Salome, Royal Opera House, London, review: Malin Bystrom as Salome is near-perfect

Malin Bystrom as Salome and John Daszak as Herod in 'Salome' at the Royal Opera House: ROH
Malin Bystrom as Salome and John Daszak as Herod in 'Salome' at the Royal Opera House: ROH

Richard Strauss based his Salome on Oscar Wilde’s play (written in French and banned in Britain) which turned on two taboo sexual obsessions: Herod’s for his step-daughter, and hers for John the Baptist, which achieves climactic satisfaction when she kisses his severed head. But Strauss would not have sanctioned the lurid liberties taken by many directors since. He didn’t want Salome to flirt with Herod, and envisaged her "Dance of the Seven Veils" as a measured, decorously Oriental affair. In this latter respect, as in others, David McVicar’s production faithfully follows the composer’s instructions: the seven veils become seven rooms through which Salome moves, being repeatedly dressed and undressed like a doll.

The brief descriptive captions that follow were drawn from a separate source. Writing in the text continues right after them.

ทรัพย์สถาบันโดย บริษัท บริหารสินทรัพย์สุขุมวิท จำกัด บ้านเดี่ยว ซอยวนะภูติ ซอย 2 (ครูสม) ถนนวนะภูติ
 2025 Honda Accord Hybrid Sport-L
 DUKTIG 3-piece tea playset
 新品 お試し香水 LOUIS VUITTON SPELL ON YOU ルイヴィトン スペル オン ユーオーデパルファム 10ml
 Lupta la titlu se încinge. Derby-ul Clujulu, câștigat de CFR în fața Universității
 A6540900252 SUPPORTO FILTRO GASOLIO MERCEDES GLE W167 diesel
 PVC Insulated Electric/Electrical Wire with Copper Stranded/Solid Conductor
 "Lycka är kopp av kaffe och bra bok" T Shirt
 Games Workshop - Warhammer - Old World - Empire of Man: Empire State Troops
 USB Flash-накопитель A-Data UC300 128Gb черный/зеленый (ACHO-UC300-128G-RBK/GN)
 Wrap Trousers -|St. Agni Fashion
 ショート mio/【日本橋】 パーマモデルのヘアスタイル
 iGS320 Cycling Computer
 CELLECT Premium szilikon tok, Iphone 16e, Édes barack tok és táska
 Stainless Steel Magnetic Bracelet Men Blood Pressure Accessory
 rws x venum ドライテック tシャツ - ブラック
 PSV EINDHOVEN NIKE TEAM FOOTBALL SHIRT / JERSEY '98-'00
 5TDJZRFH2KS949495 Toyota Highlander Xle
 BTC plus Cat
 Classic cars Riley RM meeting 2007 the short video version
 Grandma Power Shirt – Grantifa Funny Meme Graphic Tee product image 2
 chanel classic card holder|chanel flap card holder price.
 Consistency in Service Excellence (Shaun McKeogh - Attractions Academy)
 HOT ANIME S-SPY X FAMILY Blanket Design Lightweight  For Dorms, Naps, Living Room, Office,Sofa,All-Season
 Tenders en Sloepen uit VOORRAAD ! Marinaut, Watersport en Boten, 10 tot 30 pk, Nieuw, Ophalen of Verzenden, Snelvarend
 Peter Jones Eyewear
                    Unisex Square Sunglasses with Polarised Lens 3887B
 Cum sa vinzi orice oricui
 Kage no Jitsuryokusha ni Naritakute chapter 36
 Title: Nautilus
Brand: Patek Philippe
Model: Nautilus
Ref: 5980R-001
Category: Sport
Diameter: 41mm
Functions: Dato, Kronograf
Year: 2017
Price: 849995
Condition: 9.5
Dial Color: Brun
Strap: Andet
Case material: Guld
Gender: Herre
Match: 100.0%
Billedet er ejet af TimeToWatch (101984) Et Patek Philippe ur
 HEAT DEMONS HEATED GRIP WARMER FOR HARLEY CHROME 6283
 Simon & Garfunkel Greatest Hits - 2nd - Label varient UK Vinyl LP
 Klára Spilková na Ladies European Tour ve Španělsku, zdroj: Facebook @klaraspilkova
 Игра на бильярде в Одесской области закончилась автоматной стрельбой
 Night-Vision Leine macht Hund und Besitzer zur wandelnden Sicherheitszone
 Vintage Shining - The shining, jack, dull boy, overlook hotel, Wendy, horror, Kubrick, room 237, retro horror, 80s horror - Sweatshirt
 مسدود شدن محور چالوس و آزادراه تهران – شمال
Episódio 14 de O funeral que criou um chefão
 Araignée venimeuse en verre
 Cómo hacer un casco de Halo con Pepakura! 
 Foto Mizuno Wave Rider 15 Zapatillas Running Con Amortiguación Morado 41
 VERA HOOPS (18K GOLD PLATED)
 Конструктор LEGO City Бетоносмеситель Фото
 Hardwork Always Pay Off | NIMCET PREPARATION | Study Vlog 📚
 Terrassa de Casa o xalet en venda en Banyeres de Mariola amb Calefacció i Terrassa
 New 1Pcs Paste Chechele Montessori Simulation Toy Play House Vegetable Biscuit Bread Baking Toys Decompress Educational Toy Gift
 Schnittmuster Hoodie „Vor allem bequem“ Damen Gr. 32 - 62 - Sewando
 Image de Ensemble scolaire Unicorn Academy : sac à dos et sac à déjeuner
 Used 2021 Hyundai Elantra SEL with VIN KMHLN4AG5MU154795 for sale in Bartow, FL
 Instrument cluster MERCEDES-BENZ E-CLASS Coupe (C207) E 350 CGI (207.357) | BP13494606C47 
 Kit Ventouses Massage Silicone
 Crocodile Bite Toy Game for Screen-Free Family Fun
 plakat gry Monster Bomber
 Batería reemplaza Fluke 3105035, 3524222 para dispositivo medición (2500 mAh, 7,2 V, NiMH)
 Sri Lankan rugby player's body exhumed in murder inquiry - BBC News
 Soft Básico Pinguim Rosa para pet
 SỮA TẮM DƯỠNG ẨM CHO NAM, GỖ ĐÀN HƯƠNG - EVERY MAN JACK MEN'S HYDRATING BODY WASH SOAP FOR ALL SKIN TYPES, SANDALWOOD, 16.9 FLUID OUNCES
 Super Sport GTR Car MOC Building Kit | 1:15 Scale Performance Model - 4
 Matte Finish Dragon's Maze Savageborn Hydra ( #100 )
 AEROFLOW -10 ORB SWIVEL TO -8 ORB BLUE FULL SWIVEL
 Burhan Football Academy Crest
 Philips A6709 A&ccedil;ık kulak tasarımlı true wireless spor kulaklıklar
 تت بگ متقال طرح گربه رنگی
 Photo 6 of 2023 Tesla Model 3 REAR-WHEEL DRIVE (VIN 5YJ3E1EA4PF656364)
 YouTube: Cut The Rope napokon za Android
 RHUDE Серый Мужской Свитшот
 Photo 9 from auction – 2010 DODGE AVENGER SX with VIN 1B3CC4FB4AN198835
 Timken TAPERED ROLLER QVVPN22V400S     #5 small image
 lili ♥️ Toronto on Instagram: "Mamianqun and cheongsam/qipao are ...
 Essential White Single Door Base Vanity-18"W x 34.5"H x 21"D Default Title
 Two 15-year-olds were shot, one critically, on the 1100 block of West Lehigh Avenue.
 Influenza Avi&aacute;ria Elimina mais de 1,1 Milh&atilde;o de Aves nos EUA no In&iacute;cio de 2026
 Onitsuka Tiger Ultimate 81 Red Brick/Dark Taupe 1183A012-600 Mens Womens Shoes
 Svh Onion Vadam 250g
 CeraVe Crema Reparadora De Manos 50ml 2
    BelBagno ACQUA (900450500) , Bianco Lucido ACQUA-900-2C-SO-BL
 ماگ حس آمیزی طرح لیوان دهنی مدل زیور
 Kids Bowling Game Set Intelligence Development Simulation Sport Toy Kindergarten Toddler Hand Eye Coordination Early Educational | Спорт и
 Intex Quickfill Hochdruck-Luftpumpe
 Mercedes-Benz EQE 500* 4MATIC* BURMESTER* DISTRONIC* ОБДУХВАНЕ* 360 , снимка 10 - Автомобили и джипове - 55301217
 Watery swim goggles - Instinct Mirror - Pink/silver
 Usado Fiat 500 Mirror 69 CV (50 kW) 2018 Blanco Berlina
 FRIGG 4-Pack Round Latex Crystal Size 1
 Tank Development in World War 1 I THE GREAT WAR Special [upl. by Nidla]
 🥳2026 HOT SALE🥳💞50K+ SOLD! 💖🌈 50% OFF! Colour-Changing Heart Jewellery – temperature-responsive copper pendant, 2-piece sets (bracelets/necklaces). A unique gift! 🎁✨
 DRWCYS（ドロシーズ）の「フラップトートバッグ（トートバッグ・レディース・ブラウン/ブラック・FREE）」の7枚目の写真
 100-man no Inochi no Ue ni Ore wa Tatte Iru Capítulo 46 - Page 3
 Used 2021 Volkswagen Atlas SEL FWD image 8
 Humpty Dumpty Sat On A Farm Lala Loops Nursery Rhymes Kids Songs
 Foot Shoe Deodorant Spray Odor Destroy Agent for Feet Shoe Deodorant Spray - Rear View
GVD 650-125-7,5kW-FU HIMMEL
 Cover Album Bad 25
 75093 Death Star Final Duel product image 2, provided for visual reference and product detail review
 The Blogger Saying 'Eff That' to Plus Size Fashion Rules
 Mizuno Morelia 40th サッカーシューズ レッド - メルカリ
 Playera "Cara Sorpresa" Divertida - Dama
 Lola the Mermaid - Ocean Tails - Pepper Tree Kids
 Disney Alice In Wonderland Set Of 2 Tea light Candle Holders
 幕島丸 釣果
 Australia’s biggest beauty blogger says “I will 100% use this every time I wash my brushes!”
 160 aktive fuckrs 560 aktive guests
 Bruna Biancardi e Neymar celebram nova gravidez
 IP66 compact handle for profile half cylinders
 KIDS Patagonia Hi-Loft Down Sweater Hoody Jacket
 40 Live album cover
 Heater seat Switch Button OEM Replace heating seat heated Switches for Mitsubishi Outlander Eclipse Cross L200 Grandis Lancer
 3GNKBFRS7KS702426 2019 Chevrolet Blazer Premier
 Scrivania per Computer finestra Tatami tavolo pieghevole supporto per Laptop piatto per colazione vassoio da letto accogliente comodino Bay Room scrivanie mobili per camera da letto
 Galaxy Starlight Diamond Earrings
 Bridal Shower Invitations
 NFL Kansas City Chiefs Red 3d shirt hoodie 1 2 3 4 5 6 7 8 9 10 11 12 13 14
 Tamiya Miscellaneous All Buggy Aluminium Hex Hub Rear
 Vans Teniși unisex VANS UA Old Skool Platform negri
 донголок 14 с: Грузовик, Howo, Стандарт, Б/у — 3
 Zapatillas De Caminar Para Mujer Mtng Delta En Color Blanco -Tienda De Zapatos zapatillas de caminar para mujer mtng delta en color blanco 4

There’s more nudity in this third revival of the show, and the bloodshed is more shocking, but the staging has a poise which it didn’t have before (the squabbling Jews are no longer caricatures). Es Devlin’s sinister designs, subtly lit by Wolfgang Göbbel, seem to improve on each viewing: there are hints of wartime Vienna, the gas chambers, and Farouk’s Egypt. In the pit Henrik Nanasi extracts a wonderfully detailed account of the score, and the cast has no weak link. Fizzing with lust but unable to handle the consequences, John Daszak’s Herod is entirely believable, while Michaela Schuster’s Herodias, egging her daughter on in her demand for the head on the platter, exudes baleful power. Michael Volle’s dishevelled, leonine Jokanaan permeates the production with his burnished-brass sound, and in the Swedish soprano Malin Bystrom as Salome we come as near perfection as we ever will: a petulant, imperious teenager becoming drugged with lust as her dream becomes reality. Her voice rides easily over the hundred-piece orchestra, and the porcelain purity of her tone contrasts ever more starkly with her blood-boltered presence. Wonderful.